A while ago I did a couple little paper models of some Futurama characters which were a lot of fun. Recently I've been waiting to see a space shuttle launch with @spacekate and after visiting so many museums and NASA facilities I really wanted a model of a rocket.
The think about models is they are pretty boring unless you build them yourself. After the success of the Futurama figures I thought I would look and see what paper models there are for space. It turns out there are quite a lot. So many that there are whole forums based around it. Kate recently wrote a great overview of some of the choices in paper spacecraft.
Building the Rocket
I wanted to do a kind of build log but I was so excited by actually building the thing that I didn't bother to take any pictures of the process. I will say that it was hard. Some of the pieces are only fractions of a millimeter wide at points. I didn't even think one could cut and fold anything so tiny. As it turns out as long as you have patience and a steady hand those details are not as impossible as it might seem.

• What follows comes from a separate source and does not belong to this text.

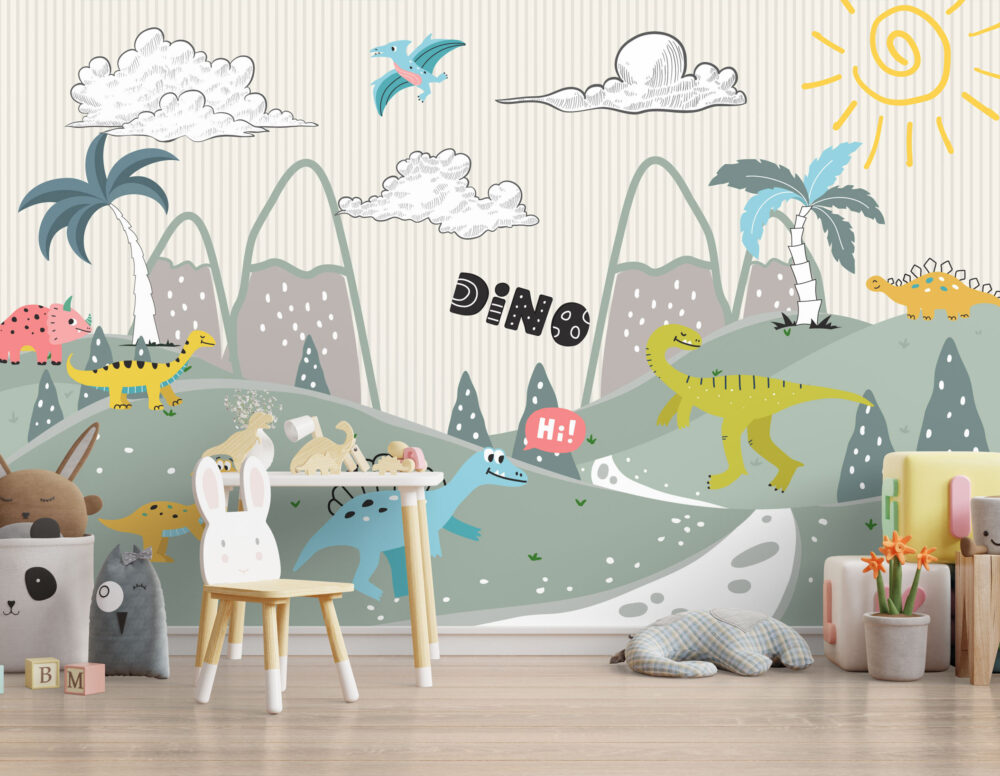 Dinozorlar Ormanı 3D Duvar Kağıdı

One really nice thing that I found out is making models is a great way to learn about how the rockets work. After spending 2 hours making a hydrogen peroxide fill plate, I will forever remember where that is on a Mercury Redstone and that the engines used H2O2 to run the fuel pumps. I learned about the umbilical fairings and the surprisingly low tech straps on the hold down ring under the capsule. I'm beginning to think that this is my favorite rocket. But that will change as soon as I build the next one!